Publication
First published in the London Magazine in December 1929 (Stewart and Yeats bibliography and collected in Limits and Renewals (1932) in association with “The Miracle of St Jubanus”. Also collected in Inclusive Verse (1932), Definitive Verse (1941), the Sussex Edition, and the Burwash Edition. It is ORG verse number 1212.
The poem
This “Song” is a kind of rhapsody, quoting more or less haphazard places and regions of France (and shortly of Spain) that a powerful car made it possible to visit and see, starting from Calais, in the times just after WW1. Kipling himself made a series of such journeys; see The Motoring Diaries in the Members area of this site,
Notes on the Text
[Title] Horses: ‘horse-power’ (HP), a unit of power once used to indicate the power output of a car or other engine, now not very widely used except in America. Webster’s Dictionary defines one horse-power as the ‘power required to raise 33, 000 pounds at the rate of one foot per minute’.
70 HP was a rather high power for a car. Kipling’s Rolls Royce Phantom I, delivered in July 1928, had a 40-50 HP six-cylinder engine.
[Verse 1, line 1] car-trays: This was before ferries had ramps for access and exit.
[Verse 2, line 1] throat-closing brick fields: extracting and processing clay for brick-making from the soil generated a lot of dust.

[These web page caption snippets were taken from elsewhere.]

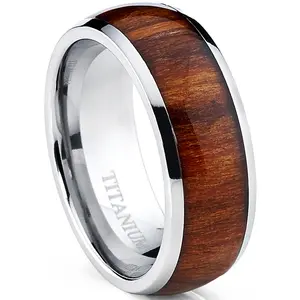 Men's Titanium Ring Wedding Band Engagement Ring Real Wood Inlay 8MM Comfort Fit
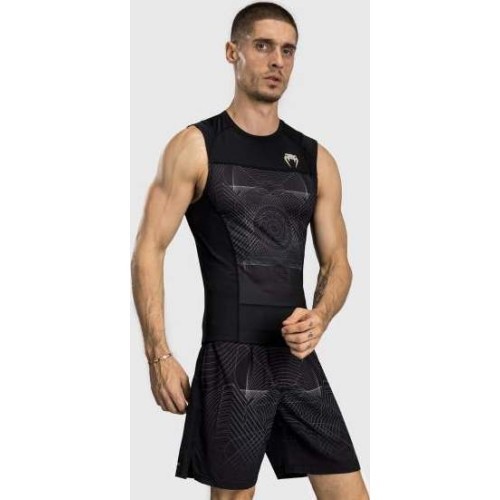 Venum G-Fit Air Men's Sleeveless Rashguard - Deep Black/Desert Sand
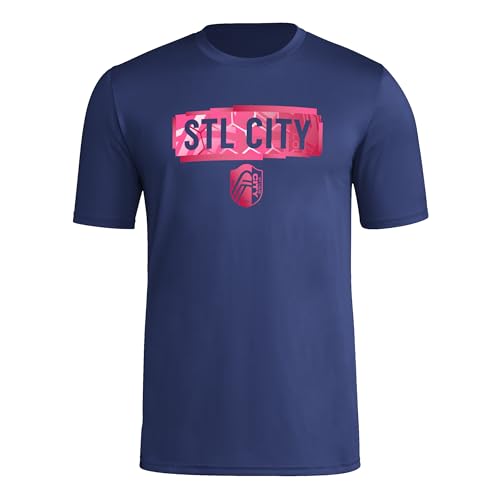 adidas Men's St. Louis City SC Local Pop Short Sleeve Pre-game T-shirt, Team Navy Blue, Small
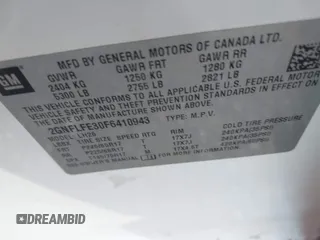 2015 Chevrolet Equinox LT with VIN 2GNFLFE30F6410943, listed as a IAAI auction lot 41208733 with 161,259 mi miles and . Bid and sale history available at DreamBid. Image 9.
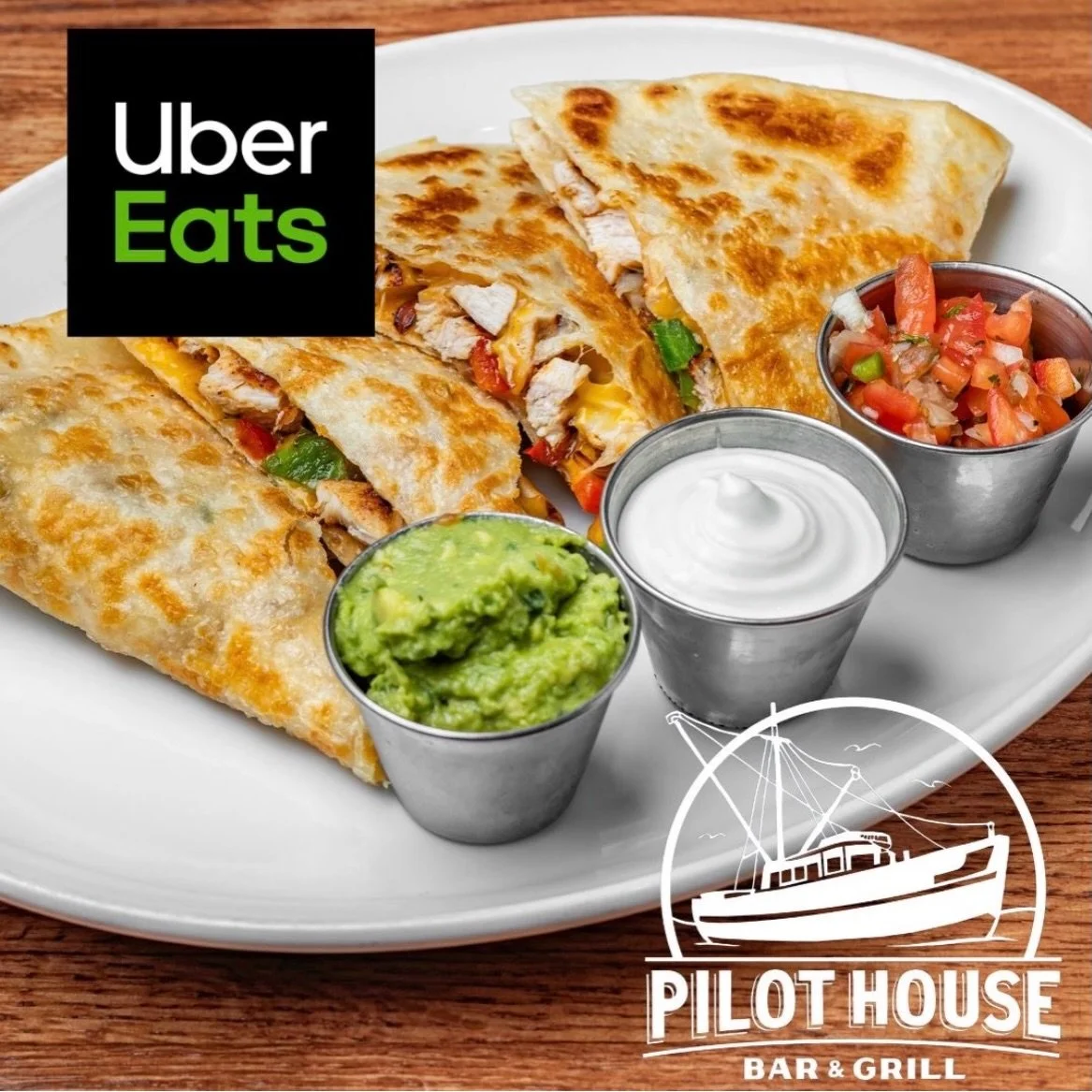 Kitchen and Bar are OPEN! 
Dine-in, take-out and Delivery available! 
Come visit us! #pilothouse #thisisrockaway #chickenquesadilla #sportsbar #snowday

[Verse 2, line 1] pavées: This simply means ‘cobbled’, a tough irregular road surface made of small ‘cobble-stones’. The roads were cobbled early in the North of France, since sugar beet became a principal crop, requiring horse-drawn heavy carts at harvest in the heavy loam soil in rainy autumns.
[Verse 2, line 4] newly dunged Somme: The fertile soil area of the “département” of Somme requires heavy dunging, with consequent smell.
[Verse 3, line 1] Argonne: The Forest of Argonne is a long strip of rocky mountain and wild woodland in northeastern France.
[Verse 3, line 3] hewn from the cliff: In limestone country, where rivers carve valleys with vertical cliff sides, dwellings and storehouses can be hewn in the rock and inhabited.
[Verse 3, line 4] torrents: alluding to the use of fast-flowing water and dams for generating electricity, and of the fact that this cheap power was liberally used at the time.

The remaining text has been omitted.